From Bastrop the river was flowing very nicely. We reached the 7-mile checkpoint in about 2 hours...didn't do much fishing. After that we let off the paddles (and pedal) and fished a little. Ended up with 7 small bass, the largest going about 12". The scenery along this stretch of river was amazing. There are supposed to be 2 pairs of bald eagles along the river, though we didn't spot them. We did see an Osprey (one of my favorite birds of prey) and a lot of other wildlife.

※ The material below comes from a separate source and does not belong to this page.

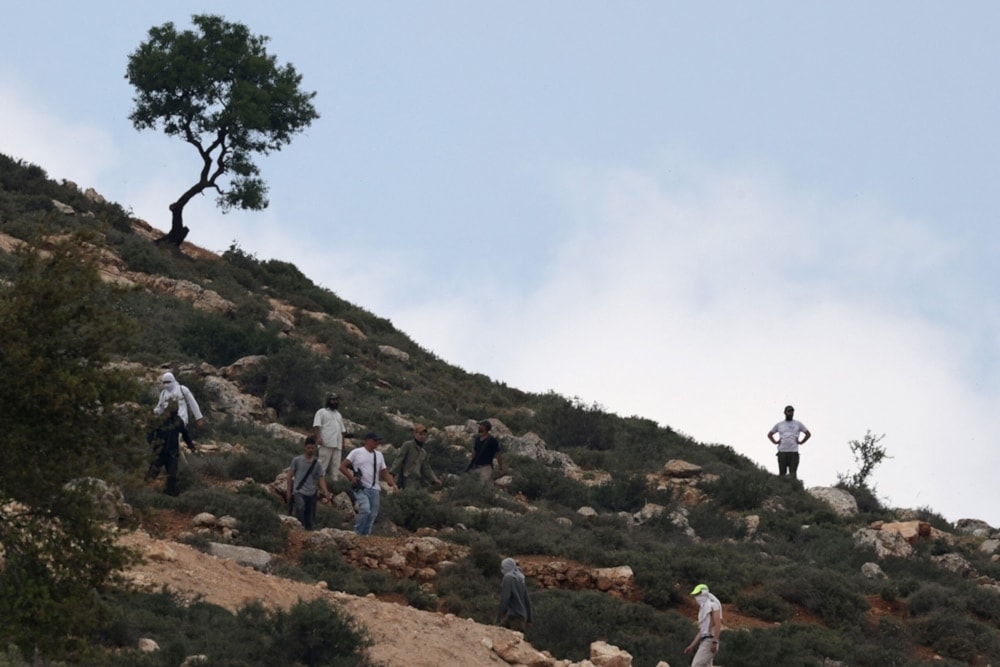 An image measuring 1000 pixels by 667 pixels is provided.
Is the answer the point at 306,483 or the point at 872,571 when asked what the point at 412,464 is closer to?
the point at 306,483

We camped on a sandy beach on the side of the river as the designated camping spot was overgrown and occupied. The weather cooperated with us most of the way, though we did have to outpace a thunderstorm and had a bit of a sprinkle while setting up camp. I castnetted a few perch and tried to bottom fish, but the loose weed in the river made it near impossible to keep the bait in the water.

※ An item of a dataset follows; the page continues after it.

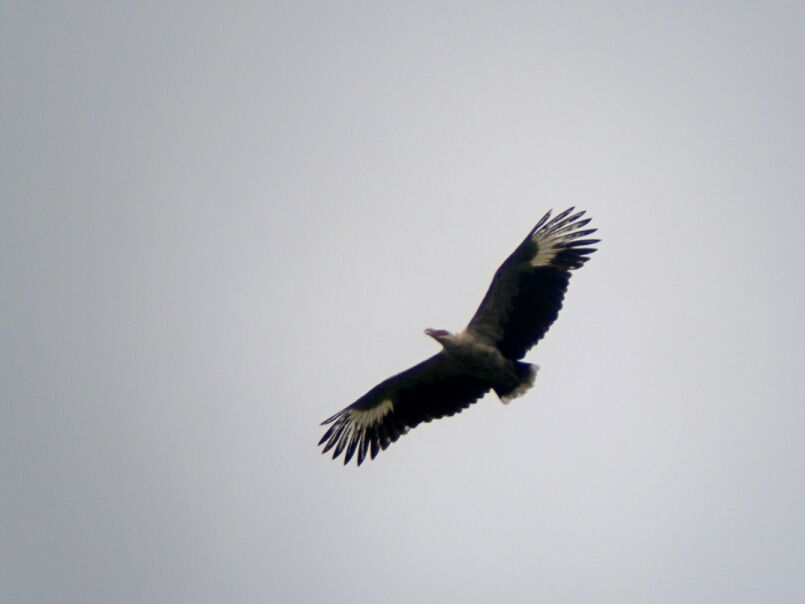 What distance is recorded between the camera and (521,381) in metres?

Got up the next morning to a river that was 6-8" higher than when we hit the sack, I believe 'they' were releasing water for the rice farmers. The second half of the trip FELT long, as we were all sore and tired, but it passed very quickly.

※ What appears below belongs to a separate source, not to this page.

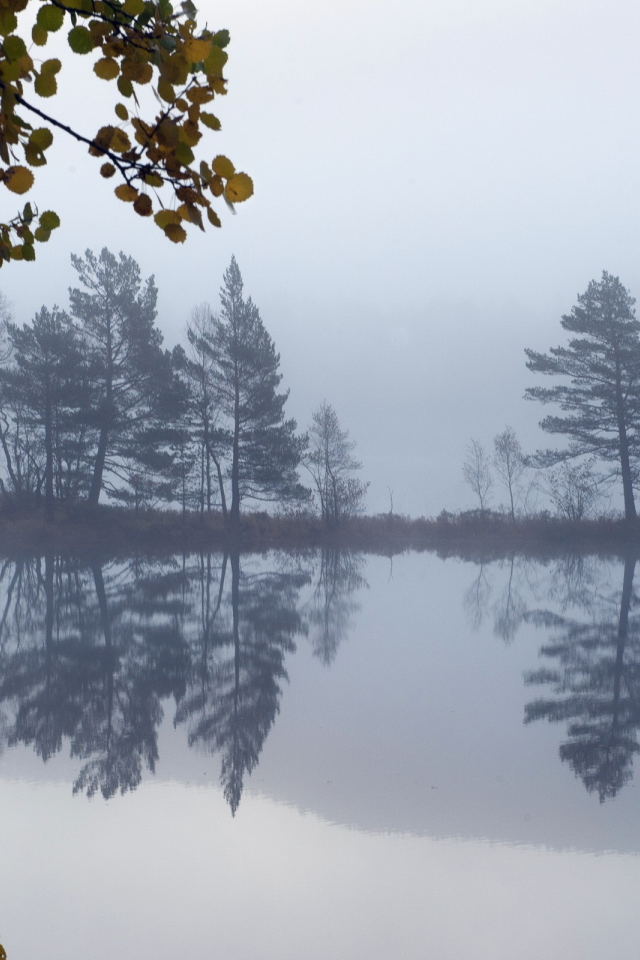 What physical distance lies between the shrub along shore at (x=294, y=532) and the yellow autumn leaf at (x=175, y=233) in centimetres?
2248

This was a nice trip, and now that I know how easy it is I plan on going again when the weather gets a little cooler, and when the river won't be so dirty from the release of water for the rice farmers. A few things I'll make sure to do next time:

1. Pack lighter- I was in an Ultimate 14.5 Propel, and was loaded for bear. That thing is a barge with that much weight on it, and I was caught in every cross-current in the river. My girlfriend used a T-140, which seemed to handle the river a little better. We had too much gear on her yak, too. Looking back I'm glad we packed like we did, but now that we have a little experience it's obvious that we could have cut out 25-35 pounds of gear and food.
2. Get an earlier start
3. Take a water-resistant GPS! We had a satellite printout of the river, but it was near impossible to figure out where we were by the map alone. Knowing how much farther we needed to go would have made the trip much more enjoyable, and a little less rushed.
4. Leave the propel system at home. The river was full of weed (hydrilla?) that kept getting caught in the propel system. When it was clear I was haulin' donkey, but would get behind while trying to clean it out. 12 pounds is a lot of unnecessary weight when this thing is not in use!
User avatar
By eweberdc
#1342818
I should add that we were pulled over by a Highway Patrolman on the way to Bastrop for having more than 4' of kayak past the bumper of the truck. I knew this was a law but have never been pulled over, even though I've taken those things across the state several times. Be careful out there!
User avatar
By CR
#1342939
Did you get a ticket?

eweberdc wrote:I should add that we were pulled over by a Highway Patrolman on the way to Bastrop for having more than 4' of kayak past the bumper of the truck. I knew this was a law but have never been pulled over, even though I've taken those things across the state several times. Be careful out there!
User avatar
By CR
#1342988
Good. Most of them are pretty nice guys.

I have had several LEO's take a look at my bed extender with tail and brake lights. I guess it passed inspection since none have stopped me. :)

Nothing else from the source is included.